Pour autant son écriture est très accessible et simple, pas du tout comme l'image que je m'en faisais. Paru en 1877, ce roman d'une autre époque est pourtant résolument moderne.
Anna Karénine c'est une histoire d'adultère et une histoire d'amour, celle de sa belle héroïne avec le Comte Vronski. Mais là encore, ne parler que d'Anna serait réducteur, terriblement réducteur. D'ailleurs ce livre aurait pu tout aussi bien s'intituler Levine, mais bien entendu cela aurait eu moins de charme ! Ce que je veux dire ici, c'est qu'Anna Karénine est un roman infiniment dense et riche. Plusieurs personnages en composent l'histoire et finalement celui de Levine prend au fil des pages autant voire davantage d'importance que celui d'Anna. Les destins des différentes familles que l'on rencontre se croisent et se mêlent tout au long du roman. On passe d'un tableau à l'autre, on délaisse un personnage le temps d'un ou plusieurs chapitres pour revenir à un autre que l'on quitte alors à regrets pour s'en retourner vers le premier. C'est un tourbillon d'événements et de pensées ininterrompu. Jusqu'à la dernière page, Tolstoï n'épargne pas son lecteur et lui confie ses réflexions sur la vie en général mais aussi sur l'économie et la politique de son pays, la religion.... Au-delà du roman psychologique qui saisit avec une justesse incroyable les sentiments et les pensées profondes humaines, se profile un véritable essai sur de nombreuses questions. A ce titre le personnage le plus profond et le plus intéressant, mais aussi sans-doute le plus travaillé, est celui de Levine qui se présente comme une sorte de double de papier de l'auteur lui-même. A ce propos, j'ai particulièrement apprécié l'édition Folio classique et ses notes de fin d'ouvrage qui m'ont permis d'accéder à différents niveaux de lecture qui seraient restés invisibles à la lectrice que je suis sans leur aide. Léon Tolstoï a mis beaucoup  de sa vie dans l'histoire et la lecture d'Anna Karénine m'a donné très envie d'en découvrir davantage sur lui.
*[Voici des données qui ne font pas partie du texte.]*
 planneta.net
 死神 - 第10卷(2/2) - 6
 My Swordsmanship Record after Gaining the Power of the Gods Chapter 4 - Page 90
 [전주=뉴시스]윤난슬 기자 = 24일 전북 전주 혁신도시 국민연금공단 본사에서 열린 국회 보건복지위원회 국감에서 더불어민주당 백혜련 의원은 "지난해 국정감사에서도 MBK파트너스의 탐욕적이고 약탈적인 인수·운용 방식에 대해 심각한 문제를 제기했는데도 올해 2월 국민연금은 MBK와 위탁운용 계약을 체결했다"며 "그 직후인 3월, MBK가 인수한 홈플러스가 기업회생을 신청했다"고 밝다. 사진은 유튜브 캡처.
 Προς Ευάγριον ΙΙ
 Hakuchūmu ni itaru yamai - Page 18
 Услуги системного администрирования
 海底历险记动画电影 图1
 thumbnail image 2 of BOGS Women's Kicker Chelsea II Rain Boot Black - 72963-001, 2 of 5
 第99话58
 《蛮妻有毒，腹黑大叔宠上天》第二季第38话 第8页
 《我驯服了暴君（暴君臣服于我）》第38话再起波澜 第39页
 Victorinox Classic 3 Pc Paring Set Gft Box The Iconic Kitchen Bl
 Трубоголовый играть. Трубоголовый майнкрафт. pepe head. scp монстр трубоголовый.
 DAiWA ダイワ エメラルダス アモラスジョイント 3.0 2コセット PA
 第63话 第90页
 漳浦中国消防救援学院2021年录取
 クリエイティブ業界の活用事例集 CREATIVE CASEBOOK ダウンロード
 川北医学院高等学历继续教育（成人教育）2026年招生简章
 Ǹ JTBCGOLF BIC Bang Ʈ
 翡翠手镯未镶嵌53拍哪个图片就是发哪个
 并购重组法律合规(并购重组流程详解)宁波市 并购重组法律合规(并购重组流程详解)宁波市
Au final j'ai adoré ce livre pour de multiples raisons, et pas nécessairement pour celles que je m'imaginais au départ.
J'ai aimé le personnage de Levine qui m'a totalement fascinée, ce portrait de la russie bourgeoise du 19ème siècle, ces vies qui se lient, se délient, ces intrigues, pénétrer dans les pensées intimes de ces hommes et ces femmes, ces réflexions sur la vie et la mort, sur l'essence du bonheur... Et je pourrais encore avancer bien d'autres éléments en faveur de ce magnifique roman. Je crains cependant de ne pas avoir saisi toute sa beauté et sa richesse en une seule lecture, et il me semble qu'une relecture se révèle indispensable pour apprécier pleinement ces pages.

Parvenue au bout de cette lecture je me suis sentie grandie par cette belle histoire qui m'a touchée, inspirée, fait réfléchir. J'ai voyagé en Russie pendant deux semaines... le voyage aurait pu être plus court, mais l'aurais-je autant apprécié ? J'en doute. Il faut lire Anna Karénine parce que c'est un monument et il faut le savourer, prendre son temps pour l'apprécier.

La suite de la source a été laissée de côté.